Adapting the MPAS-Atmosphere Dynamical Core for Geospace Applications

In modeling the behavior of the whole earth atmosphere, there is increasing need for a consolidated nonhydrostatic atmospheric model that can accurately represent the influences of tropospheric and stratospheric dynamical variability on upper atmospheric circulations, and vice versa. The Model for Prediction Across Scales (MPAS) is a global nonhydrostatic model designed for the shallow atmosphere that has proven to be robust and efficient in simulations for a wide range of weather applications. As part of model unification efforts at NCAR , we are investigating the viability of extending the MPAS equations and numerics to effectively simulate the dynamics of the atmosphere from the surface to the upper regions of the thermosphere (∼500 km). For this purpose, a number of modifications to the MPAS dynamical equations are required to render the model potentially suitable for geospace applications. These include using the actual geocentric distance in the governing equations and grid mesh configuration, allowing variable atmospheric composition and its coupling to the dynamics and thermodynamics, and accommodating (potentially large) kinematic viscosity and thermal diffusivity. Using a 2-D MPAS prototype model, we have incorporated these extensions and have confirmed that the basic split-explicit numerical integration of the model equations remains viable for deep atmosphere configurations. Modifications to the dynamical solver are not extensive, partly because the influence of atmospheric composition on dynamics occurs only through variations in mean the gas constant R ̅ and heat capacity c ̅p. Initial testing for idealized mountain wave simulations demonstrate excellent performance over a wide range of horizontal scales, and emphasize the dramatic influences of molecular viscosity and thermal conductivity in the upper atmosphere.
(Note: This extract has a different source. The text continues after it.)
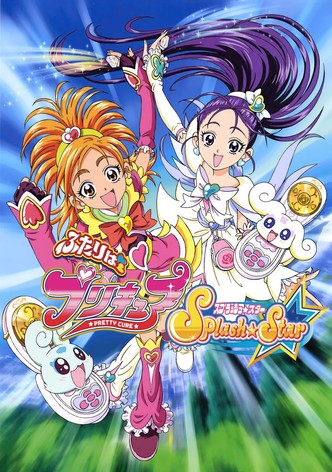 Pretty Cure Splash Star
Temperature perturbations for a mountain wave simulation with a 500 km domain height for a the representative temperature profile and corresponding variations in R and cp (left panel)
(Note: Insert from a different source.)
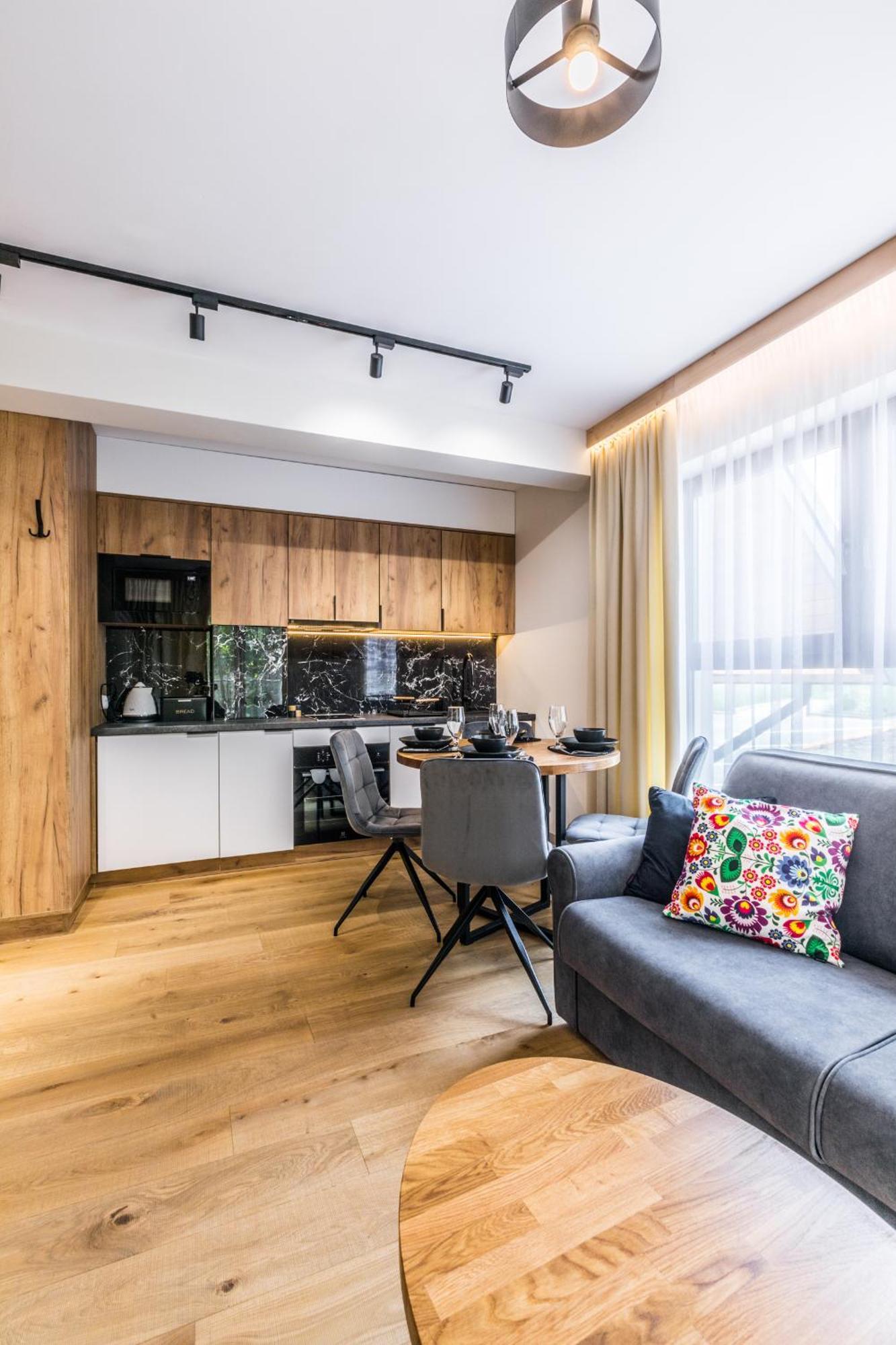 Za Strugiem Apartment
Figure: Temperature perturbations for a mountain wave simulation with a 500 km domain height for a the representative temperature profile and corresponding variations in R and cp (left panel). Nonhydrostatic mountain waves are produced for a 50 m/s wind flowing over a 100 m bell-shaped mountain having a 25 km half width. Eddy viscosity terms are included to constrain the exponential growth in wave amplitude with height that would occur in the absence of molecular viscosity.